Increased presence of dental plaque linked to cancer

By Sheryl Kay • Published: October 9th, 2012
Category: Health in a Heartbeat

Heard of dental plaque? They are the colonizing bacteria that affix to the surface of your teeth. More than 80 percent of Americans suffer from the condition. Plaque often leads to tartar build-up and then pockets, which cause the gums to recede from the teeth, leaving empty space for more bacteria to reside and grow.

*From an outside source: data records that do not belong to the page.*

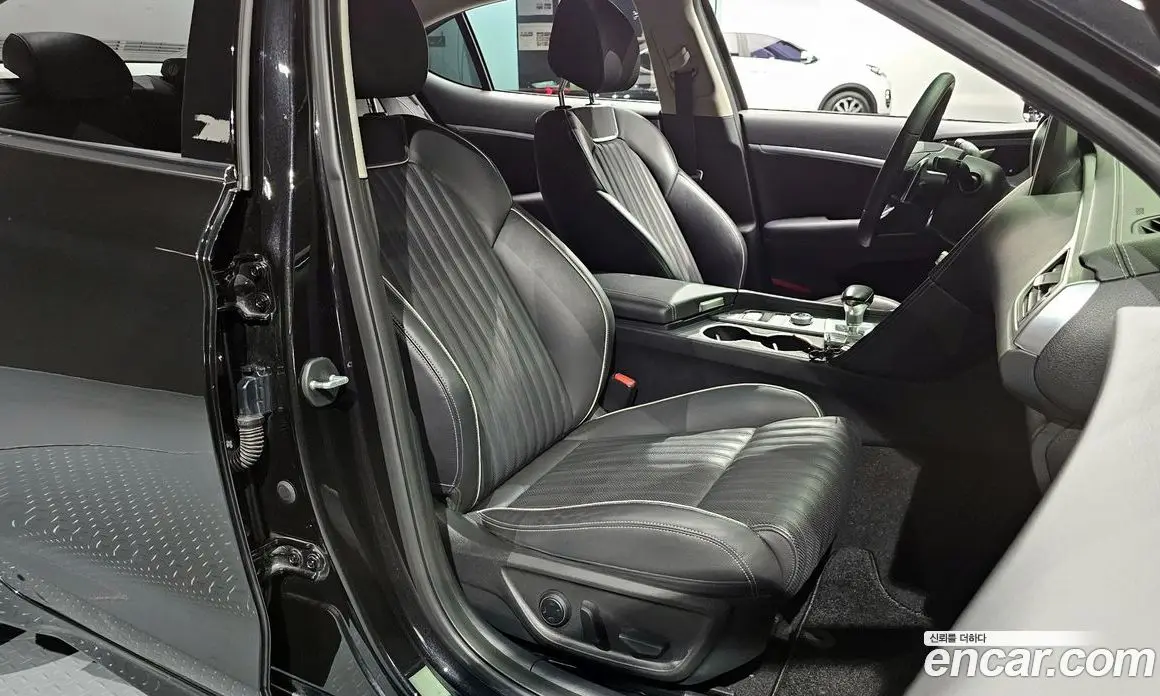 Genesis G70 2019 2.0 автомат (гидро), фото 10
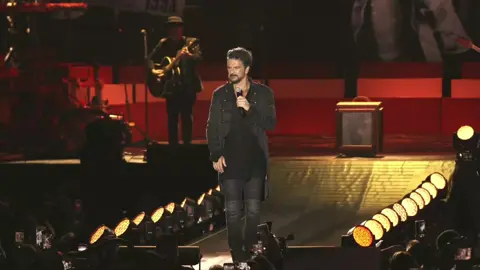 Qué estás haciendo tú? Qué estoy haciendo yo?#djtonores #fyp #viral #tiktok #galeria #video #arjona #ricardoarjona #sintisinmi #music 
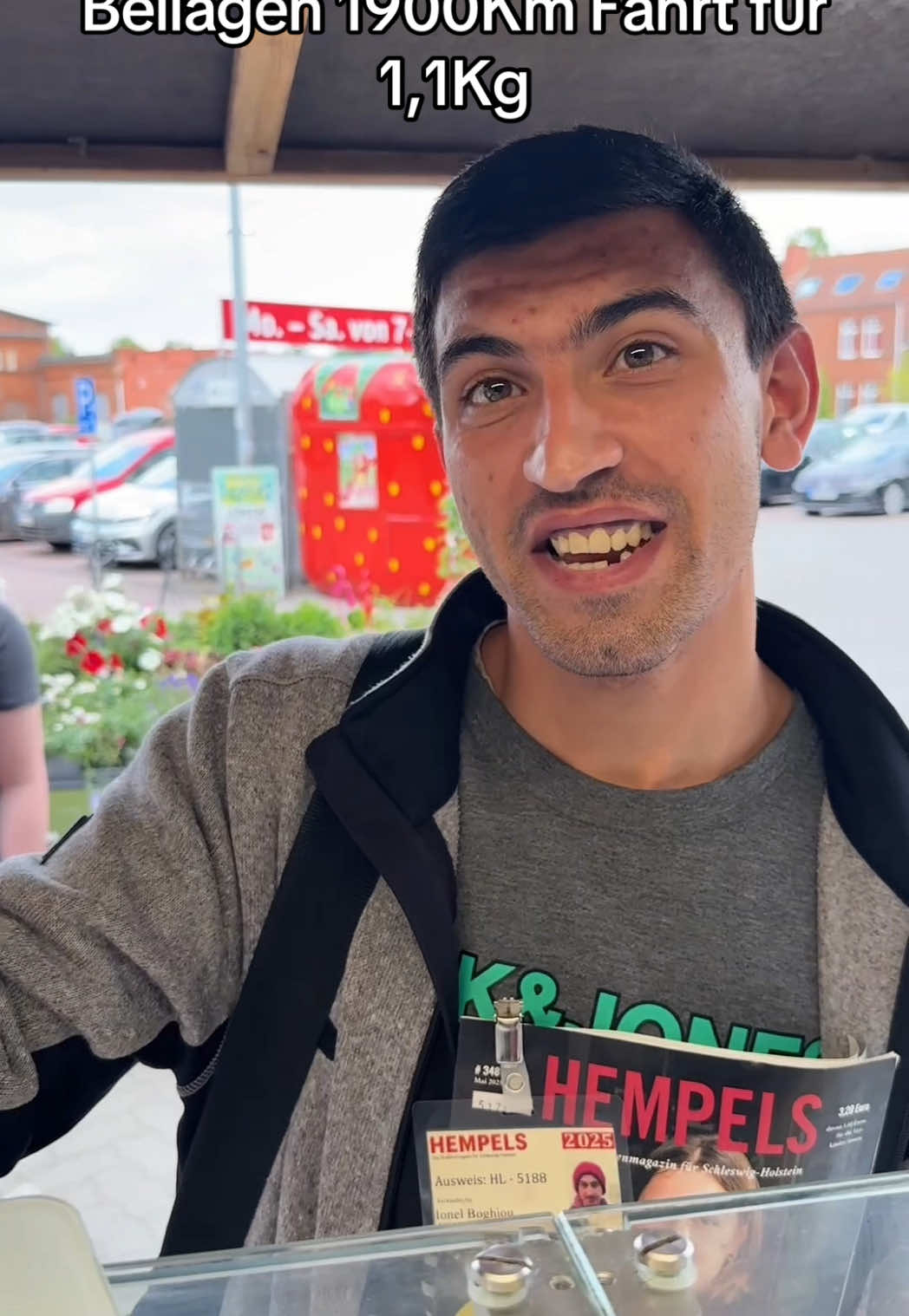 A post by @kurde.der.tiktoker.wurde on TikTok caption: Kunde fährt 1900Km für 1117Gramm besten Döner bei #kalamatadönerlübeck #döner #viral 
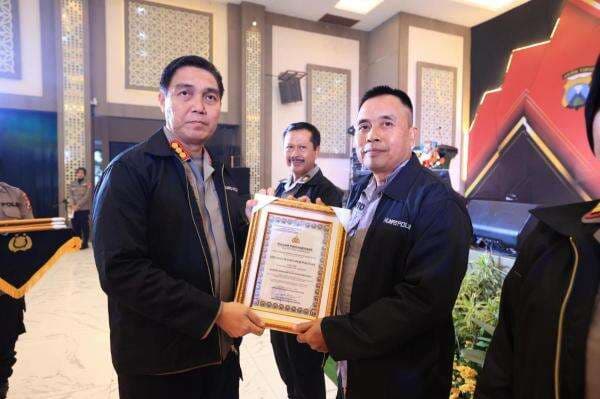 Kontennya Viral dan Inspiratif, Polres Bojonegoro Diganjar Penghargaan dari Bidhumas Polda Jatim Kontennya Viral dan Inspiratif, Polres Bojonegoro Diganjar Penghargaan dari Bidhumas Polda Jatim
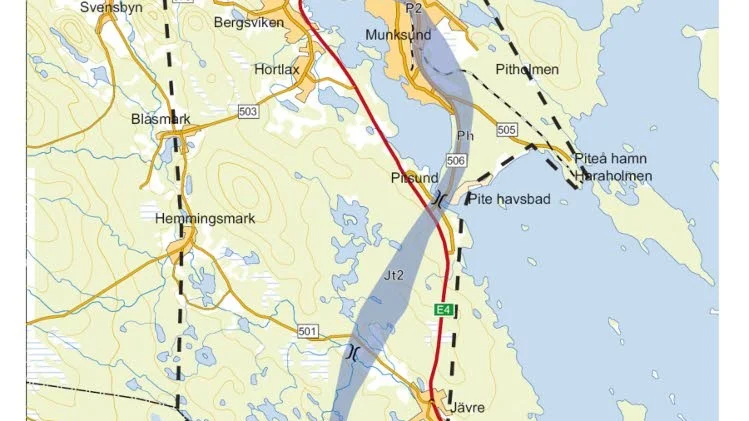 Den blåtonade slingan visar Norrbotniabanans korridor genom Piteå kommun. När järnvägen byggs blir givetvis korridoren avsevärt smalare, men så här kommer det sannolikt att se ut i några år till.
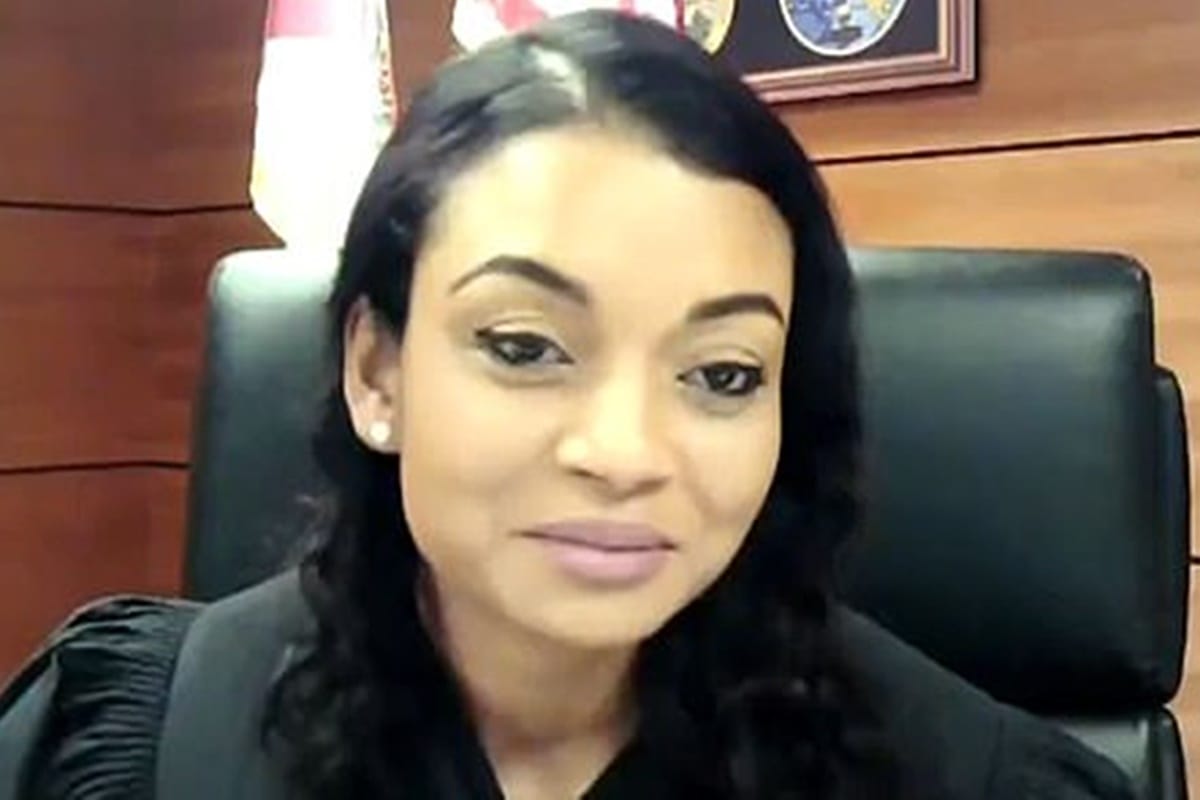 florida man flirt with judge presiding over his video is going viral on social media leaving twitter users amused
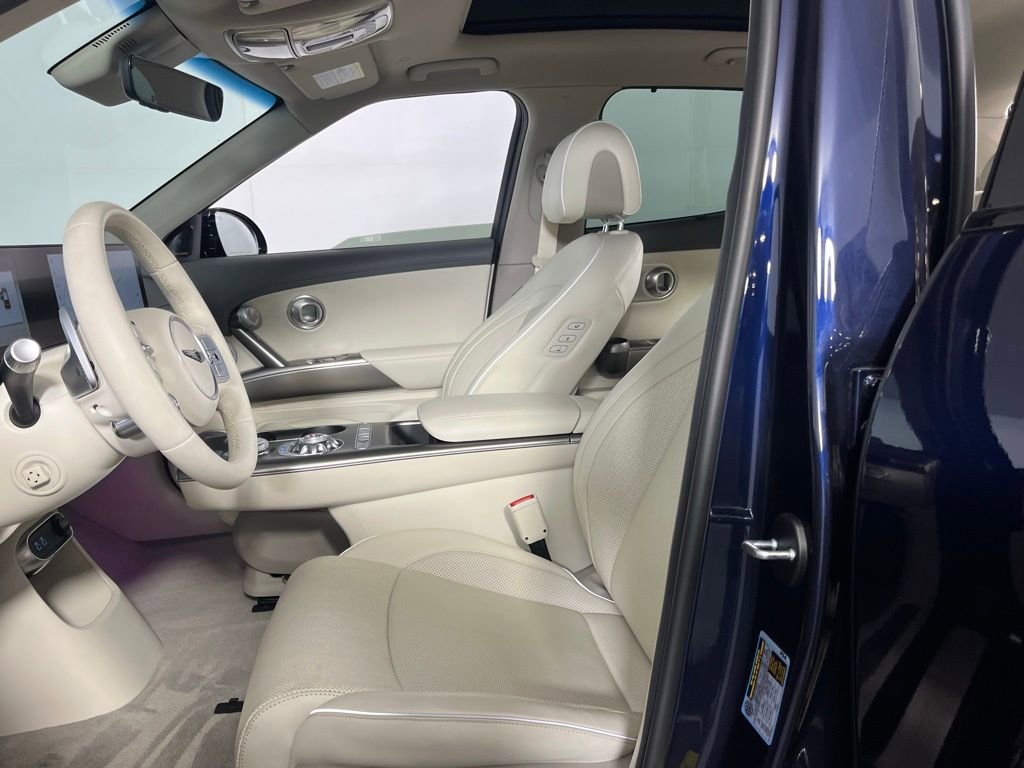 Used 2025 Genesis GV60 Advanced image 25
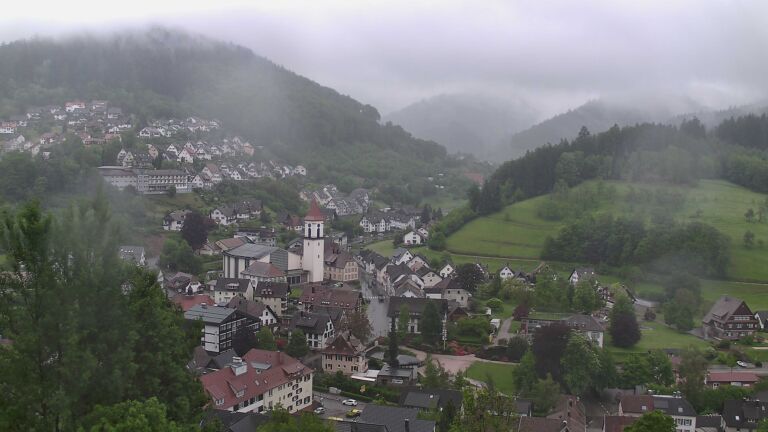 Dieses Bild zeigt eine Webcam-Aufnahme von Ottenhöfen, aufgenommen am Montag, den 11.05.2026 um 17:00 Uhr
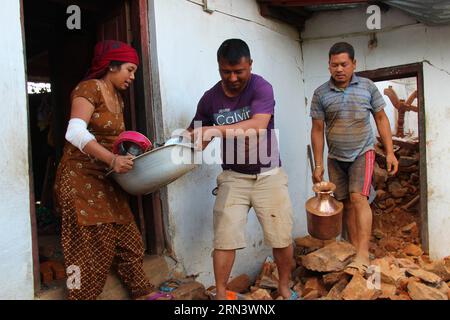 (150428) -- GORKHA, 28. April 2015 -- das Foto, das am 28. April 2015 aufgenommen wurde, zeigt, dass Einheimische Habseligkeiten aus einem eingestürzten Haus in Gorkha, Nepal, in dem sich das Epizentrum des massiven Erdbebens am Samstag befindet, mit sich führen. Die Zahl der Todesopfer durch das Erdbeben am Samstag sowie die Nachbeben am Sonntag in Nepal ist auf 4.264 gestiegen, darunter 20 Bergsteiger, und mehr als 7.000 andere wurden verletzt, sagte das National Emergency Operation Center von Nepals Heimatministerium Dienstag Morgen. ) (azp) NEPAL-GORKHA-ERDBEBEN-SCHADEN DengxMin PUBLICATIONxNOTxINxCHN April 28 2015 das Foto aufgenommen AM April 28 2015 Show Stockfoto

Because inflammation and infection are cornerstones of both dental plaque and one in five types of cancer, researchers decided to look at a possible link between the two illnesses.

Almost fourteen-hundred adults, ages 30 to 40, were monitored for 24 years. Investigators looked at the levels of dental plaque, tartar, gum disease and tooth loss in each of the participants, while also scrutinizing their smoking habits.

Careful analysis revealed that 58 of the adults had died prematurely based on average mortality rates, and 35 of those cases were due to cancer. Women primarily died from breast cancer, while the men’s deaths were attributed to various cancers. The numbers were then evaluated looking at all potential risk factors for premature death, including smoking and lower income, as well as the frequency of dental visits and the amount of dental plaque present on the teeth of those who died.

The final results showed that there was a 79 percent higher chance of premature death among those men and women with the greatest amount of dental plaque covering their teeth.

The researchers did note that because there was no way to identify a definitive causal element between the two conditions, more studies would be needed. However, because the research showed a link between dental plaque and an increased chance of dying from cancer, it’s a good reminder to keep floss and your toothbrush close at hand.